I have a confession to make, I laid down the brushes for about 3 weeks. Just didn’t have the urge, the ideas, nothing but a blank canvas staring at me.
This is quite normal for an artist, I was once taught that the way to break it was to paint the canvas any colour, yellow orange anything. just so it’s not white!
A trick a writer can never use to defeat writers block.
NEW. Filfla 2014 60x60cm Oil on canvas. A classic LeMakoo.
Anyway, that didn’t work this time, so I just gave into it and did other things, I have lots of inventory, so not a problem.
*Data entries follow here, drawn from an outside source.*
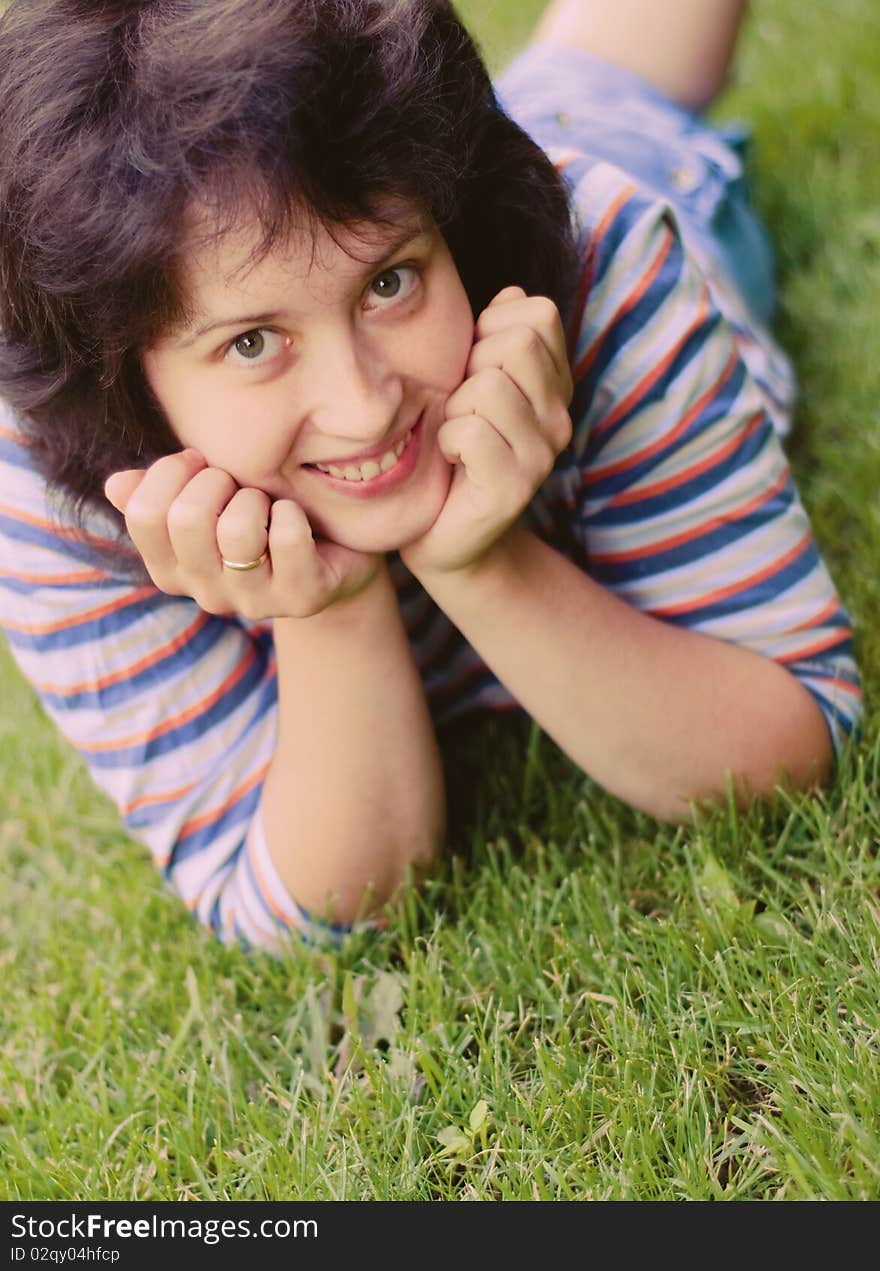 A young woman on the meadow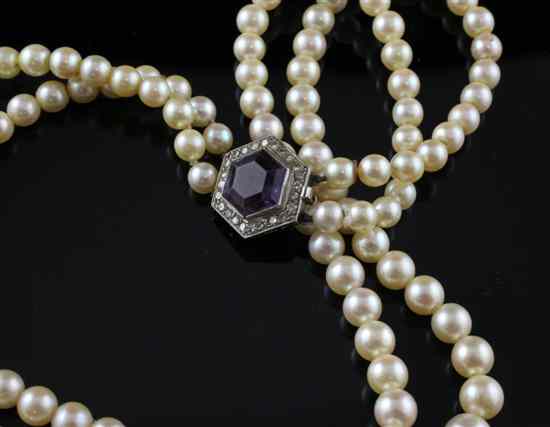 Appraisal: A two strand cultured pearl necklace with amethyst and diamond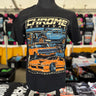 Black t-shirt with car graphic and 'Chrome Festival' text on a mannequin, with a blurred store background.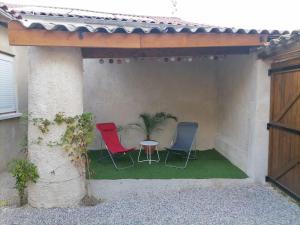 2 stoelen en een tafel in een patio bij SCI la malinoise in Albon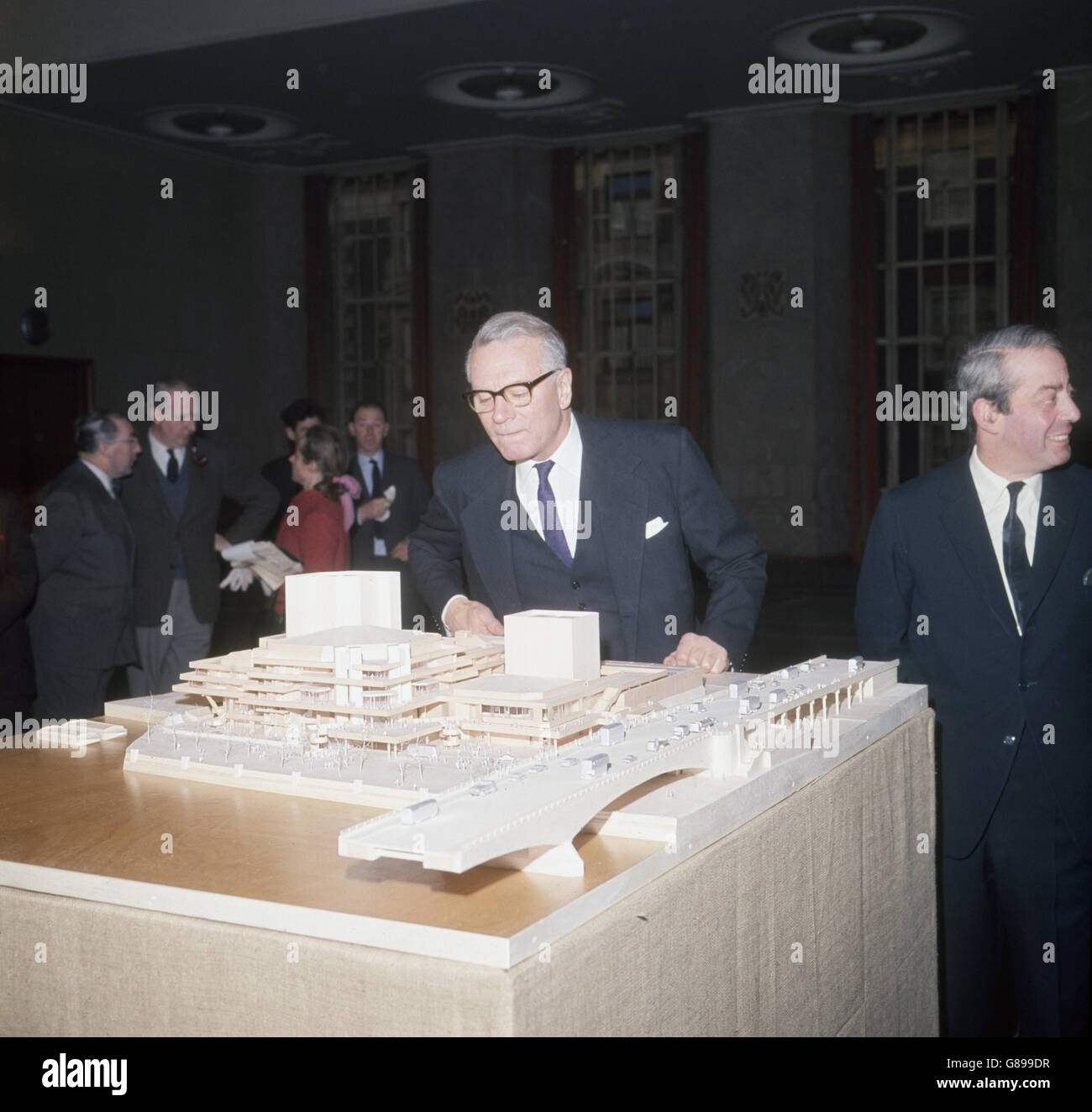 Sir Laurence Olivier, Director of the National Theatre Company, viewing a model of the new National Theatre building for the South Bank, London. Pictured right is the architect, Denys Lasdun. Stock Photo
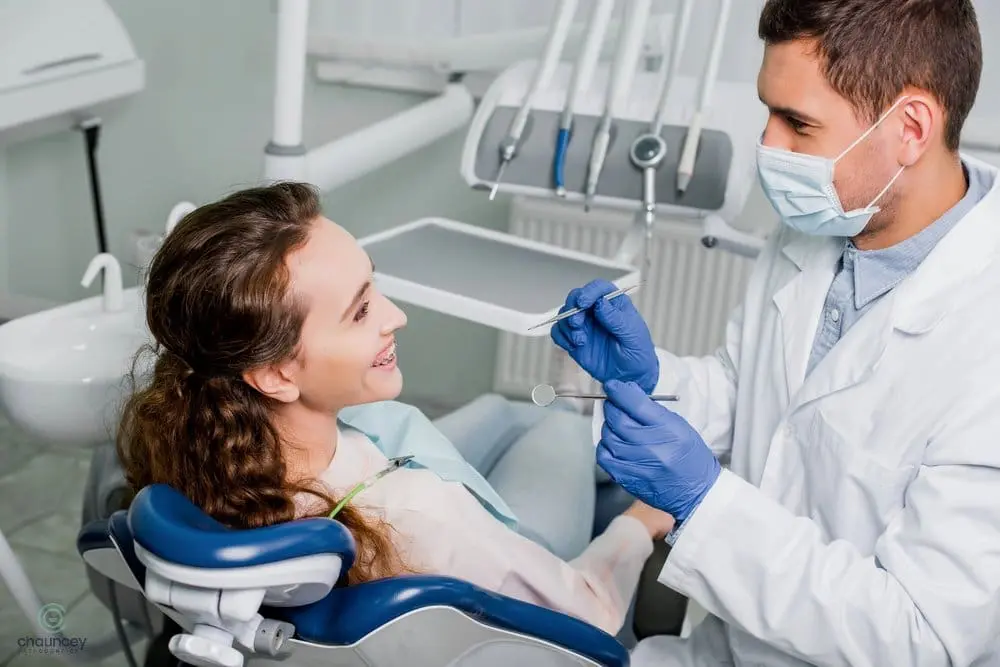 Orthodontist consulting a young girl about how to fix overbite in Henderson, NV with early intervention treatment. A dentist wearing a mask and gloves examines a smiling female patient in a dental chair, holding dental tools in a clinic setting.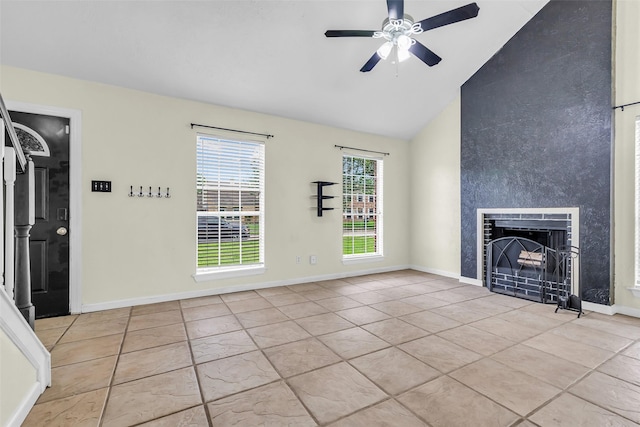 15830 Pipers View Dr, Houston, TX 77598 - unfurnished living room featuring light tile patterned floors, a ceiling fan, a large fireplace, baseboards, and high vaulted ceiling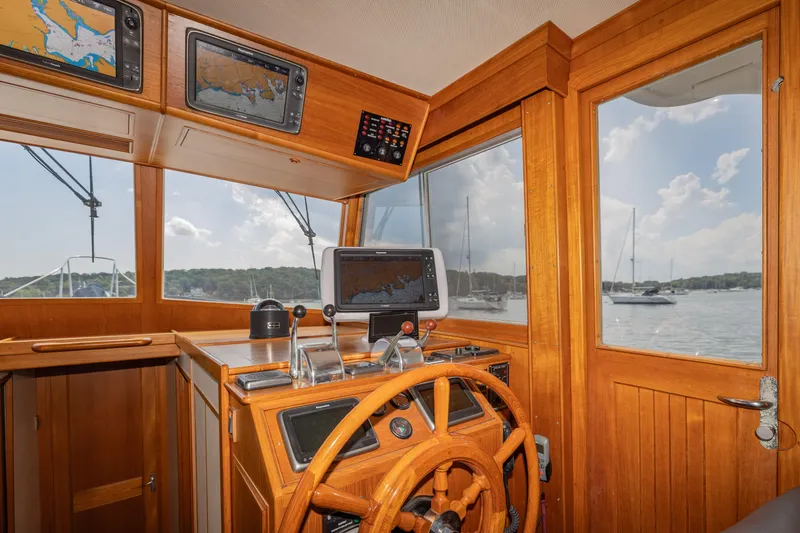 Slide: The Image of Interior helm of 2002 Grand Banks 46 Europa yacht with navigation equipment and scenic view. - 26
I went to Istanbul, an amazing city, but unlike Venice it didn’t inspire me in that way.
I saw many bullet holes in the glass at the front of the Mango store and riot cannons permanently parked in Taksim square. Child poverty, loud political rallies and a country on the verge of change. I wish them well. It was great however, to be back in a city with millions of people. Never a dull moment.
NEW. Girls, 76x57cm Ink on watercolour paper.
Then it just broke, all the enthusiasm returned, ideas flowed and everything went back to normal.
Art is an odd business, can’t fight it or control it, just ‘let it be’:)
That’s all, thanks for reading, here’s a LeMakoo piece a friend wrote about me.
Bye for now
A flourishing career that started back in 1988 has reached a remarkable milestone. Michael Wright,
the Australian painter who has been painting in Malta full-time for the last 5 years, has sold his 200th painting.
In the dog-eat-dog market of the crowded and overflowing Maltese art scene this is a magnificent feat
Pablo Diego José Francisco de Paula Juan Nepomuceno María de Paloma preferred the name Pablo Picasso)
is a unique artist with both feet fixed firmly in the commercial and flamboyant.
A quick tour around Malta and it becomes easy to appreciate the impact LeMakoo has made on his adopted
home. From restaurants in St. Julians to wine bars in Valletta and even furniture showrooms proudly display a
burning, moving landscape of LeMakoo. He has succeeded in creating a brand name for himself – something
local artists seldom achieve – and the Malta art scene is all the better for it.
Of course LeMakoo is not solely a ‘local’ artist in the pedestrian sense, LeMakoo is an internationally successful
artist who even has paintings on display in a prestigious gallery in Moscow. This is a source of great pride for the
globe-trotting Australian painter although he takes even more pride in the statistic that says 62% of his sales
have been local.
This landmark sale is the culmination of a long artistic career that spans a lifetime and a half, one might say.
LeMakoo was always an artist, and he spent 15 years working as an artist for newspapers. Whilst the job was
satisfactory as it gave him good experience, exposure and contacts he grew tired of publishing artwork that would
only survive until the next day. He wanted to create something less perishable and with more
longevity – and without photoshop!
LeMakoo held his first exhibition on the Isle of Man 10 years ago, shortly before coming to Malta, and it was the
start of a prosperous affair. In Malta he has held exhibitions in a variety of places like hotels (a stand-out one being
in the Hotel Phoenicia where he exhibited works inspired by his native Sydney and Malta, hosted by the
Australian Embassy.), restaurants and trade fairs.
And it was one of the latest exhibitions of LeMakoo, held at the Intercontinental Hotel Malta, that lead to the rightly
celebrated 200th sale. The painting is a small landscape of Valletta, burning with the vibrant orange and reds that have
so often adorned LeMakoo’s Mdinas and Sydneys. Valletta itself has a Van Gogh feel to it, with the sleepy black,
thick paint that animates it – but instead of a Starry Night we see crowning it the Sunny Dawn that characterizes
the Maltese Islands.
The art market is analogous to the ‘survival of the fittest’ regime nature employs. Only the most adaptable survive
and LeMakoo’s success – prices for 120 x 60cm painting have increased over 100% from 300euros to 700euros
now, and the sales have increased proportionately – is a triumph of individuality and artistic integrity.
As a show of appreciation for his buyers and followers, LeMakoo offered subscribers of his newsletter a lottery chance
to purchase an original LeMakoo at 50% discount price. LeMakoo is proud of the fact that he never does sales – frankly,
he doesn’t need to – however he feels that the milestone deserved a worthwhile offer. And at this rate it’s only a matter
of time before the next milestone is reached.